In a recent judgment, the SC rejected a Public Interest Litigation (PIL) petition which asked for re-election if NOTA votes exceed in an election, a major blow to democratic sentiment. The petitioner raised a valid point that if NOTA gets the highest number of votes, it would amount to an expression of public dissatisfaction with the candidates in the fray. In its judgment, the SC cleared that conducting elections in our country costs money and conducting re-elections on such basis would create an extra burden on the public exchequer.
Gujarat Legislative Assembly elections of 2017 recorded 5.5 lakh NOTA votes, making it 1.8% of the total valid votes, a relatively small figure, of course. Merely 1-2% of votes will remain a symbolic instrument of expressing resentment. The way NOTA functions in our democracy, it is rightly considered as ‘Wastage of Vote,’ which is no different than abstention and boycott.
However, if considered from an opposite perspective, it can be argued that NOTA votes are cast in a small proportion because it is ineffective and doesn’t convert inherent resentment into outright public distrust against the political class. It is believed that it will not fetch anything but internal satisfaction. If they are ensured of re-election, NOTA might be proved an effective instrument of democracy as it is not that improvement plans are not being suggested for the same.
Various proposals have been recommended, one being re-election if NOTA receives the highest number of votes. This is certainly a praiseworthy suggestion. It, however, raises a pertinent question of whom the disapproval is against—the candidate, political party, or manifesto of political parties? Re-election can be conducted after due deliberation between the public and political class if the disapproval is against the candidate or policies. However, if it is against political parties, much can’t be changed and the result of re-election would be more-or-less the same on the ground.

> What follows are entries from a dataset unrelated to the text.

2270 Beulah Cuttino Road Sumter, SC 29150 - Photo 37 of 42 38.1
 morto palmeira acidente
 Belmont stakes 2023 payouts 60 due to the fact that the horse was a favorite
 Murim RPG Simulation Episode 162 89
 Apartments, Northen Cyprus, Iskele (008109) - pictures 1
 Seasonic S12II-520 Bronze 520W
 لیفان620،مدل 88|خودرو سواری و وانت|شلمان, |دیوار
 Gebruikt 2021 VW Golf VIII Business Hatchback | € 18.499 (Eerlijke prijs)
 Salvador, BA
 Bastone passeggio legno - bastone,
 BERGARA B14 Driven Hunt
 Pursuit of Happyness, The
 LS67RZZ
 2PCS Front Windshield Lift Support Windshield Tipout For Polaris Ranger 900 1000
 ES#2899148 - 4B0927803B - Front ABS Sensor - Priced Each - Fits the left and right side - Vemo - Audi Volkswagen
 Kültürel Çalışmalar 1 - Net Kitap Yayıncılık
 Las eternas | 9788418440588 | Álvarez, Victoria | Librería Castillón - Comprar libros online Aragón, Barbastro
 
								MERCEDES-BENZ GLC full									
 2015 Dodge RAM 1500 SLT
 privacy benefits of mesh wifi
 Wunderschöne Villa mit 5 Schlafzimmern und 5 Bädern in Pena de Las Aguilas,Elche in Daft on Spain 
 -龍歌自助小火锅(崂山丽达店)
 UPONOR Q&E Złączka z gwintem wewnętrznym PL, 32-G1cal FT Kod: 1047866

Further, if the same candidate contests with the same policies again, then the electorate will probably choose NOTA until the candidate or policy is changed. It is evident that in the absence of a direct and clear-cut dialogue mechanism between electorate and candidate or political party, there are risks of getting into the vicious cycle of elections.
However, advocates of NOTA argue that the NOTA button may be disabled to avoid a series of re-election. As part of recommendations, it is also suggested that political parties that lose to NOTA should bear the cost of re-election. It is argued that this will not only solve the problem of election conducting costs and expenses up to a certain extent but will also limit excessive expenditure in campaigning by political parties in the very first instance.
There are certainly issues with re-elections but those issues can be resolved if we look for the light bulb in the dark room with due deliberation and discussion among all the stakeholders involved in the process. Outright rejection of an idea is going to take us nowhere, that too at a time when we vehemently demand electoral reforms.
As I said earlier, barely giving a symbolic representation in the electronic voting machine (EVM) does not serve the purpose at all. It can make up to the headlines at most but hardly change any situation on the ground. The need of the hour is to provide more powers to this instrument in order to ensure accountability of the political class to the people. It will also ensure cohesive and inclusive manifesto, along with better candidatures in the political arena.